PROBLEM ->
Entries below include pictures. Output exactly the lines from the one with "Black and white tye dye crew neck" down to the one with "Новогодние праздники во", both ends included, and leave the pictures out.

MATERIAL FOR THIS EXERCISE ->
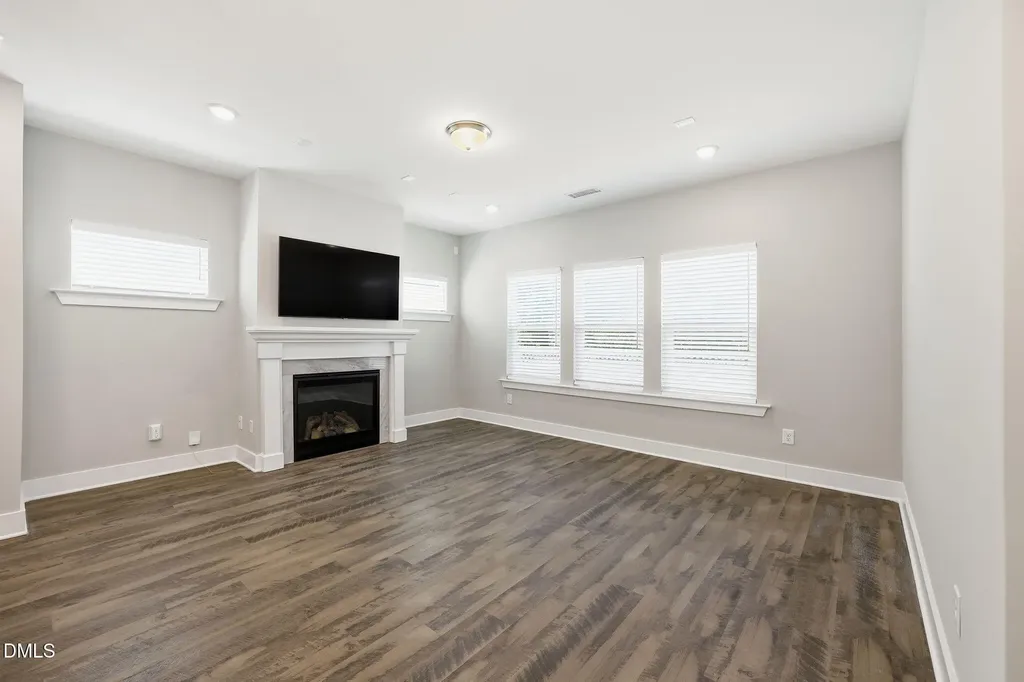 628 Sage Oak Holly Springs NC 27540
==
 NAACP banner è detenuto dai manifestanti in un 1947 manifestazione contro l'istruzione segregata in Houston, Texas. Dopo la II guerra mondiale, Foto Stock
...
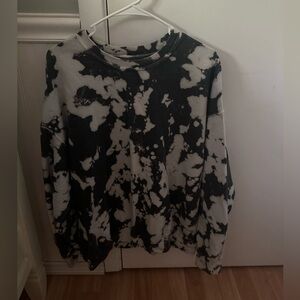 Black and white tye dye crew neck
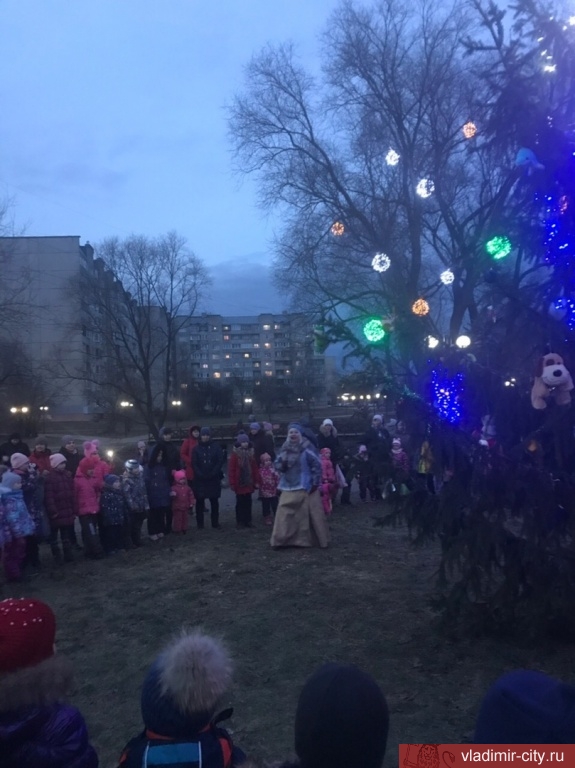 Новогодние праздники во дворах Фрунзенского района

ANSWER BOX ->
 Black and white tye dye crew neck
 Новогодние праздники во дворах Фрунзенского района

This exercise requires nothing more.